───── SUPPLIED RECORDS

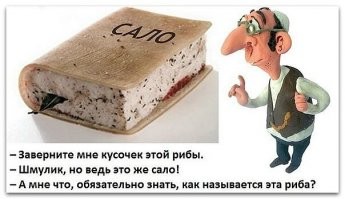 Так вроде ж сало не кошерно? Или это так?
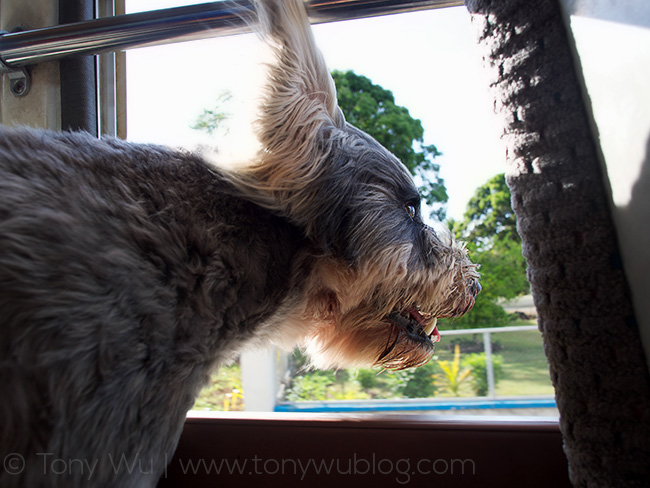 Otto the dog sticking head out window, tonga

──────────
───── SUPPLIED RECORDS

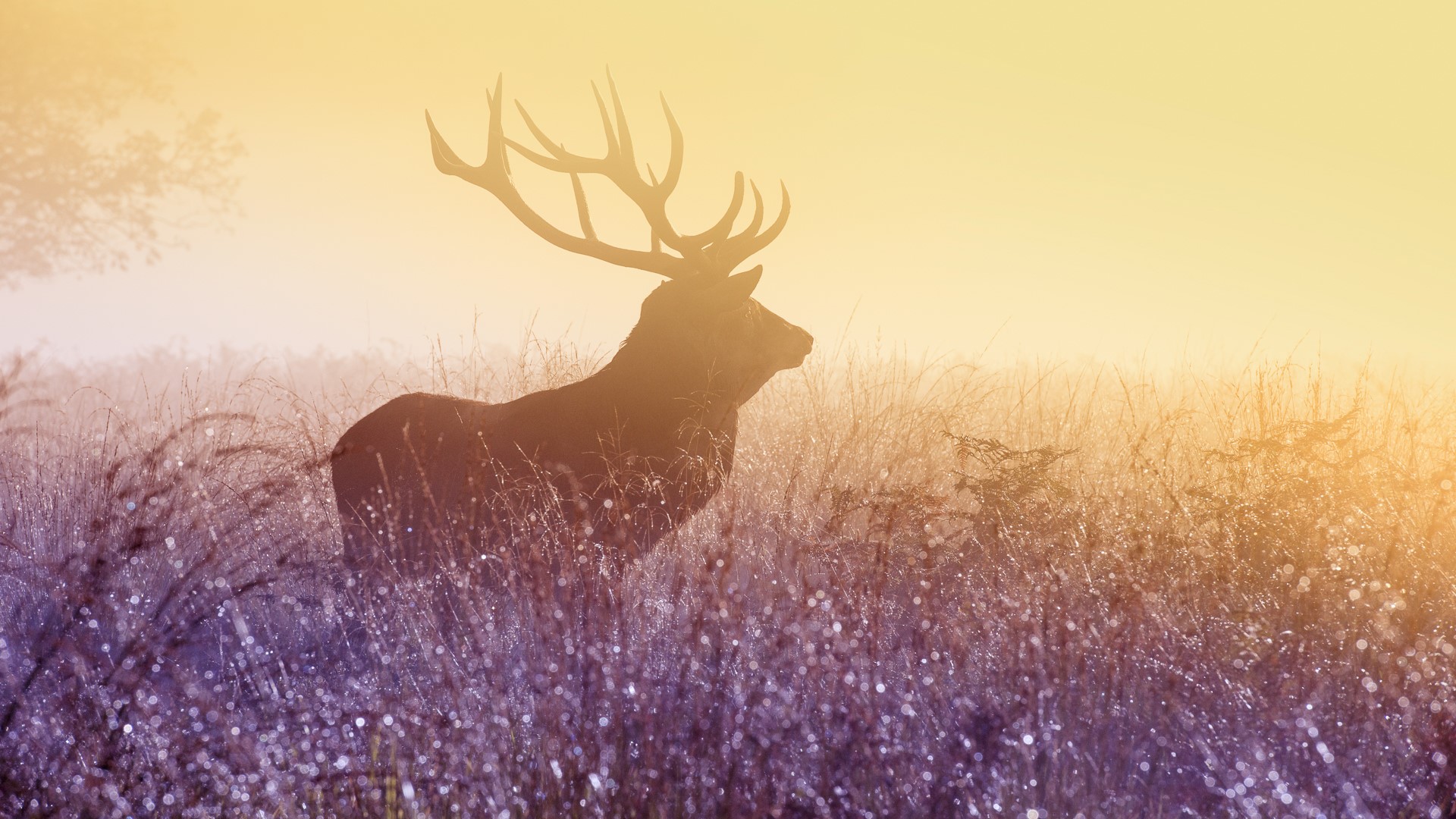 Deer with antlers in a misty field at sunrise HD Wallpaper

──────────

**WHAT YOU WILL DO:**
Without the pictures, give again exactly the lines above starting at the line containing "Так вроде ж сало не кошерно? Или это так?" and ending at the line containing "Otto the dog sticking head out window, tonga".

**TASK RESPONSE:**
 Так вроде ж сало не кошерно? Или это так?
 Otto the dog sticking head out window, tonga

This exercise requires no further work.